- _How to complete this task_
An exact copy of every entry is needed, with no images.
= = = =
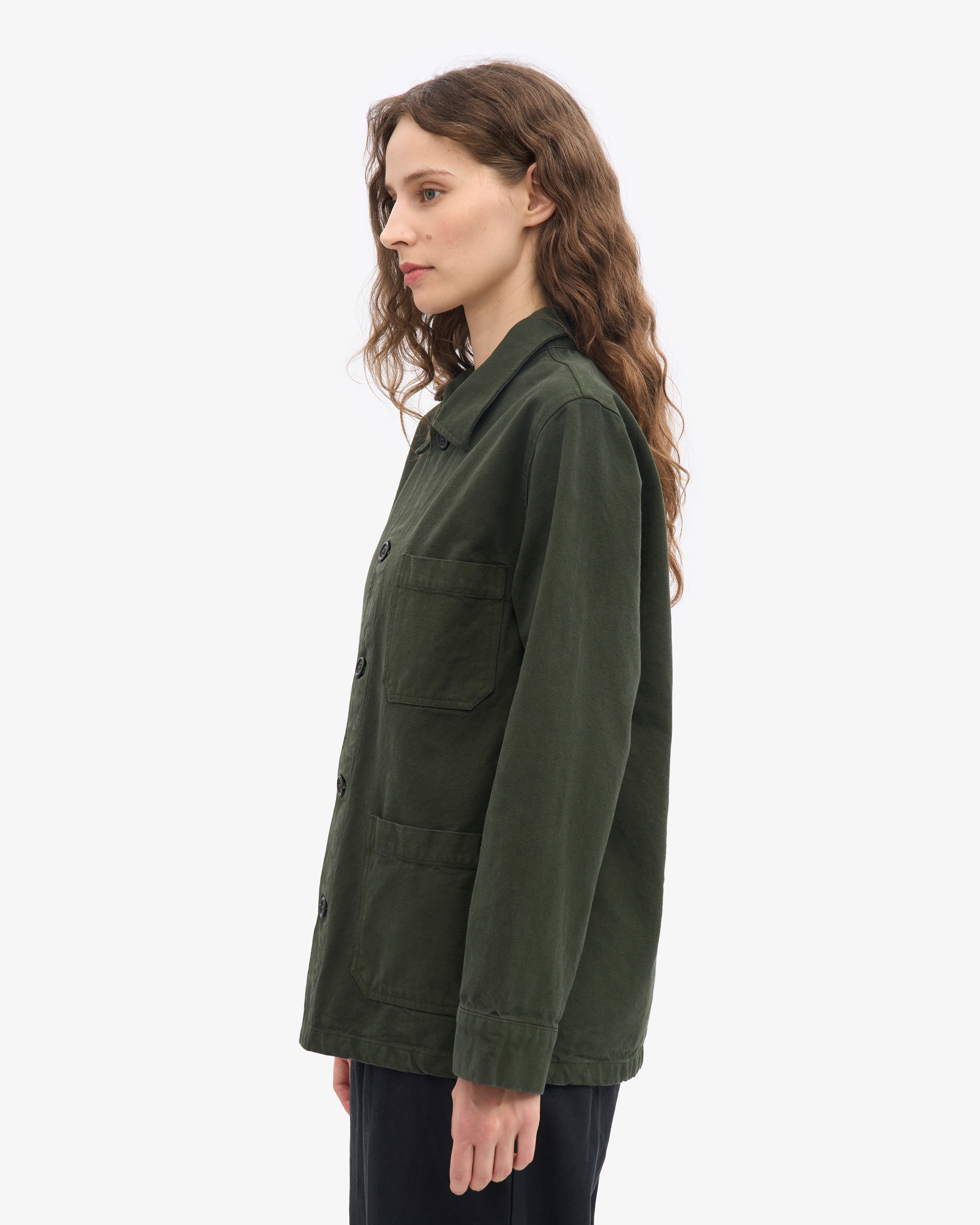 Organic Workwear Jacket - Hunter Green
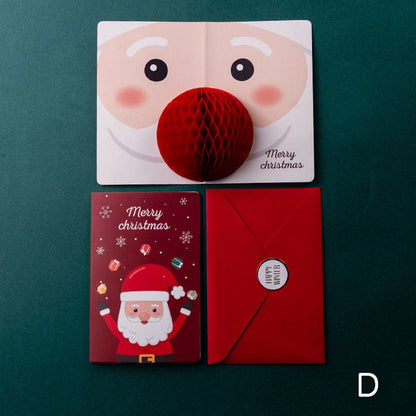 Merry Christmas Pop Up Gifts Greeting Card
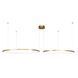 Светильник подвесной LED Levistella 7529832-2B BRONZE LED (800+1000), 130W, диаметр 800/1000 мм, бронзовый металл LVS5150 фото 2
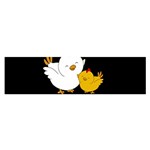 Go Vegan - Cute Chick  Satin Scarf (Oblong) Front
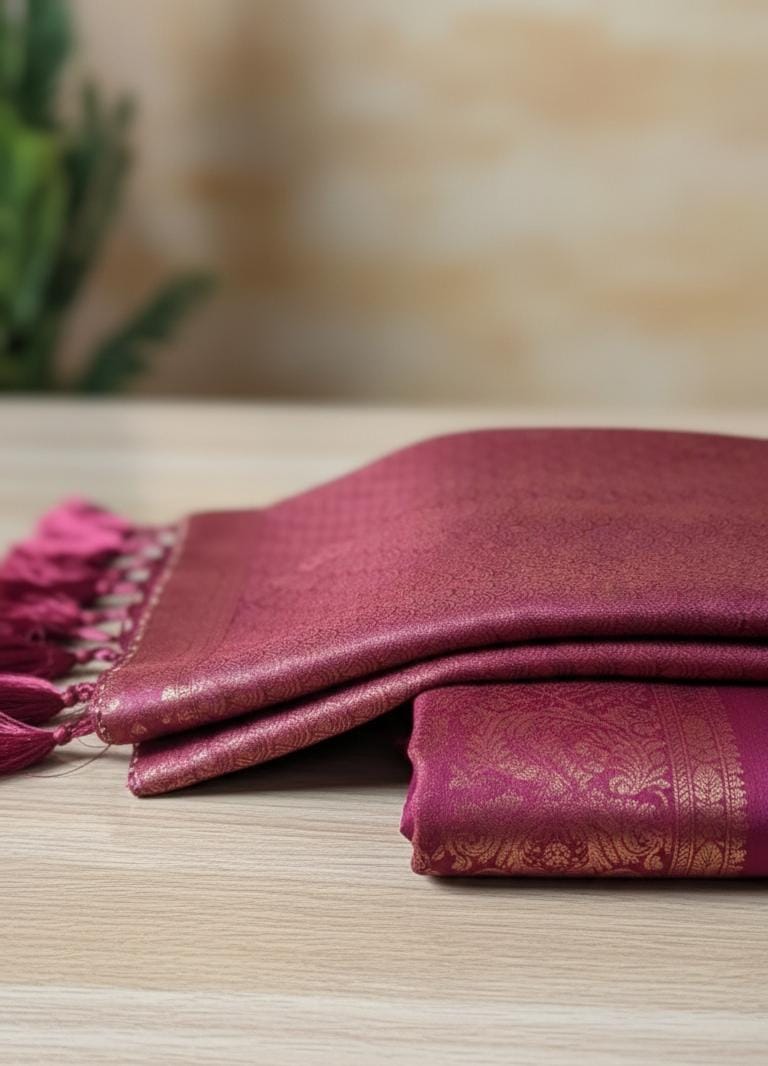 Kubera silk saree with fine woven texture and elegant finish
= = = =
- _Reply_
 Organic Workwear Jacket - Hunter Green
 Merry Christmas Pop Up Gifts Greeting Card
 Светильник подвесной LED Levistella 7529832-2B BRONZE LED (800+1000), 130W, диаметр 800/1000 мм, бронзовый металл LVS5150 фото 2
 Go Vegan - Cute Chick  Satin Scarf (Oblong) Front
 Kubera silk saree with fine woven texture and elegant finish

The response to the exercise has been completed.